Thanks, Simon. I agree that WPA and WPA/LI aren’t designed to be predictive, but my guess is that they actually are as predictive as WAR, at least. Might be a fun study, though I’m guessing someone has already done it.

I agree that WPA at its core is as predictive as WAR, though high-leverage events might make WPA a bit “noisy” if you’re interested in developing a forecast tool. WPA/LI probably would be just as noisy as the offensive portion of WAR because it blunts the impact of high-leverage events.

Two suggestions for the WPA/LI graphs. When you hover your cursor, it shows the score and play. Why not also show outs and runners on?

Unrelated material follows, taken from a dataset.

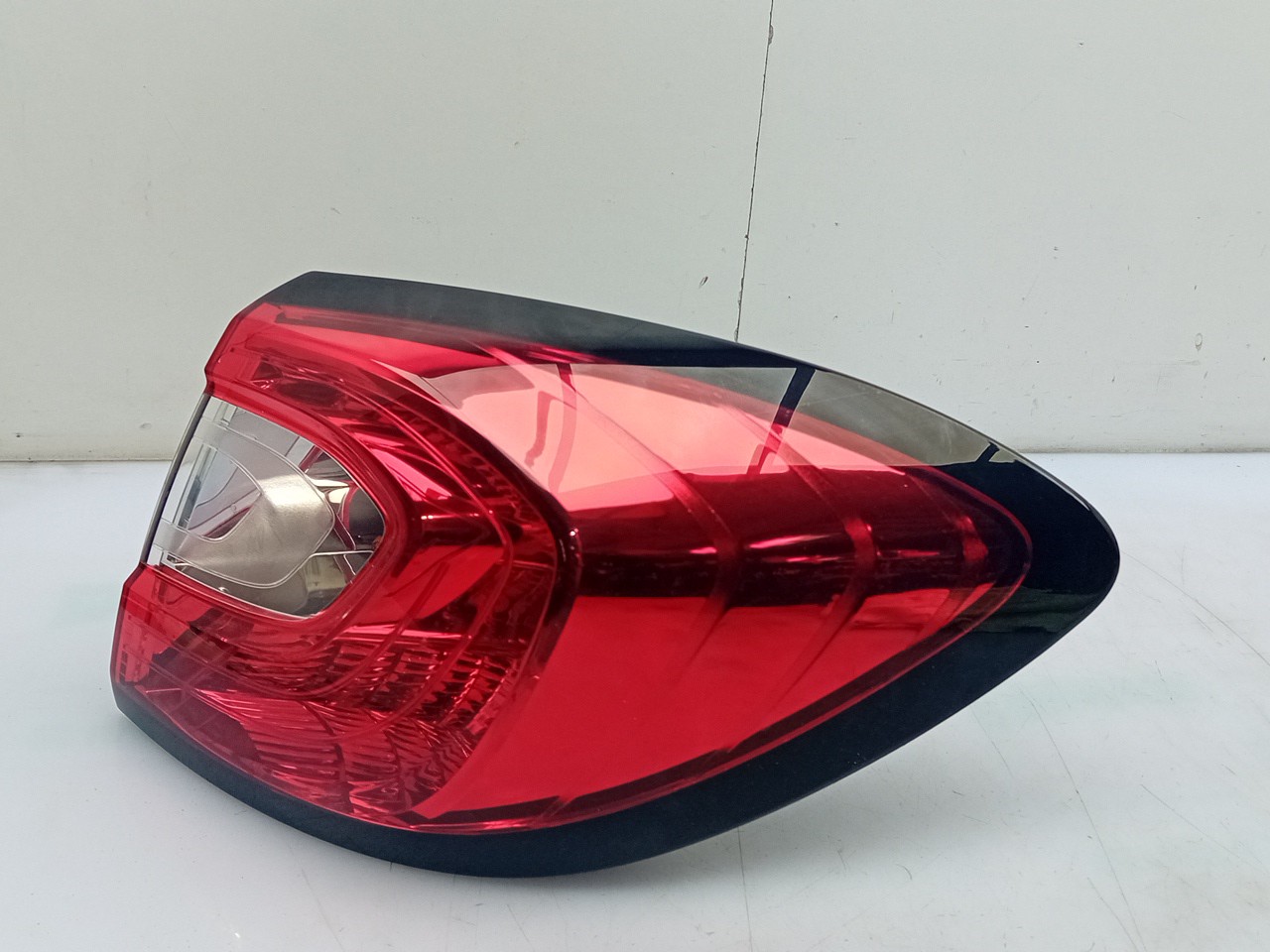 Right Tail light RENAULT Captur (J5_) Imagem-1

It always shows the biggest hits of the game, but how about the biggest outs?

It would be nice for FG to make it clearer on those charts, but you can easily determine the base/out state by looking at the last few plays. As far as showing the biggest outs, I *believe* FG will actually highlight (with a red dot) all the “key” events regardless. It’s just that, since an out is always the more likely outcome, getting an out doesn’t cause as big of shifts in WE as hits can.

Tango, is the correlation between WPA/LI from year T to year T+1 lower than the correlation between wOBA in year T to WPA/LI in year T+1 because of the year-to-year variation in the “situational” component of WPA/LI?

Just trying to take the point you just made and put it to bed. Rather focus on the descriptive role of these stats myself.

Right, there’s extra noise in WPA/LI.

I don’t know if the correlation is lower, but even if it is, it’s not going to be noticeably lower, and certainly not that you can put a line between that and wOBA.

Great article! I have one question: in number 4 above, you mention that a single that scores a runner from second is 21% more valuable with 2 outs than 1 out. However, it would seem that some events are worth the same regardless of the number of outs, for instance a double that scores a runner from second (worth 1 run regardless of the number of outs, since the change in run expectancy is 0). How does Win Expectancy take this into account?

Hi John,

You’re right that some hits are worth exactly one run (or X number of funs) regardless of the number of outs…specifically, hits that result in the same situation after the hit as before. But the Win Expectancy of the hit will differ if there are differences in the score or inning.